Under these conditions the move in a communist direction could only be quite limited and eventually proved unsustainable. They took important preliminary steps but did not achieve the real substance. Industry was placed under state ownership which meant that capitalist industry was expropriated and the new accumulation of private wealth thwarted. At the same time there was a degree of economic security for workers. The system was described as socialism, the first stage on the road to communism. However, the weakness of the proletariat placed severe limits on what could be achieved. With a couple of exceptions in central Europe, it only began to become a significant section of society with the industrialization that followed the revolution. Proletarians were former peasants engaged mainly in the low paid toil that you would expect at this stage of development. They were simply not ready to be a ruling class. There was not the basis for a society based on mutual regard. Enthusiasm and unprompted initiative was limited in these harsh conditions and so there was a heavy reliance on material incentives and top down command with all kinds of perverse results. The freedom and democracy required for the full development of the proletariat was not possible given the intensity of external and internal opposition and the weakness of the revolutionary forces.

Because most work was arduous and repetitive manual labor, and the education level and background of the typical worker left them ill-equipped for involvement in the mental aspects of production, there was a minority who did the thinking and deciding. These were the managers, engineers and officials - generally referred to as ‘cadres’. Members of this elite had a vested interest in entrenching their privileged position and were unlikely to encourage an invasion of their domain as workers became more skilled and educated, and industry more mechanized, nor to willingly start to take upon themselves a share of the more routine forms of labor.

Once career, income and position are the primary impulse, economic results take a second place to empire building, undermining rivals, promoting loyal followers, scamming the system and concealing one’s poor performance from superiors. The opportunity for workers to resist these developments was limited by the lack of freedom and the culture of subordination which drains away confidence and the courage to act. This culture can be very strong even in the absence of political tyranny as we can see in any “liberal” capitalist society. At the same time, one can imagine that, under these conditions, rank and file workers with special abilities or talents would tend to be more interested in escaping the workers’ lot by becoming one of the privileged rather than in struggling against it.

Mao Zedong, the head of the Chinese Communist Party until his death in 1976, referred to this process, once fully entrenched and endorsed at the top, as capitalist restoration and those encouraging it as revisionists and capitalist roaders. The Chinese Cultural Revolution that he led in the late 1960s was an attempt to beat back this trend. However, that revolution was undermined and defeated, and the capitalist roaders were able to seize supreme power in China after his death.

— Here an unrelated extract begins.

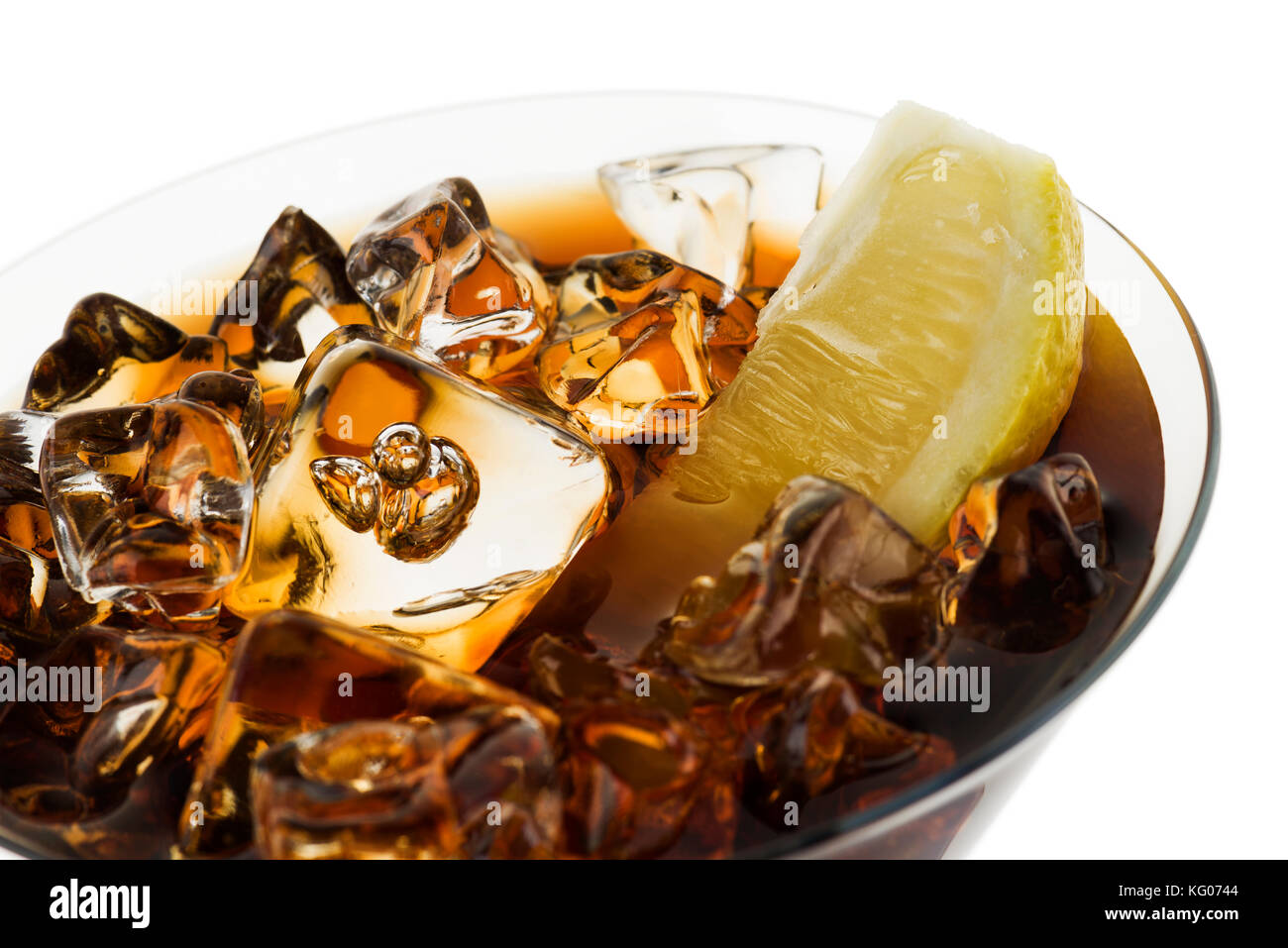 glass full of fresh cola with ice cubes and lemon slice, on white background Stock Photo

The Soviet Union and similar regimes in Eastern Europe ended up as a distinctive type of dead-end, economically, politically and socially, and their demise in 1989-90 is one of the celebrated advances of the late 20th century. At the same time, by discarding much of the empty and dysfunctional formal shell of socialism and operating more like normal capitalist economies, both China and Vietnam have managed to achieve considerable economic development in recent decades. Cuba is now beginning to take this route. The monstrosity in North Korea survives through mass terror and the support of the Chinese. All these regimes are an affront to freedom and democracy, and will share the same fate as those in other countries where the capitalist “Communist Parties” have already been overthrown.

Notwithstanding this grim picture, there were still some significant achievements. In a large part of the world, landlords and feudal relations were swept from the countryside. Industrialization was raised from a very low base and generally outperformed the backward countries in the capitalist camp. Most importantly, after a crash industrialization in the 1930s, the Soviet Union was able to defeat the fascist Axis powers through the largest military mobilization in human history. This is something for which the world should be eternally grateful.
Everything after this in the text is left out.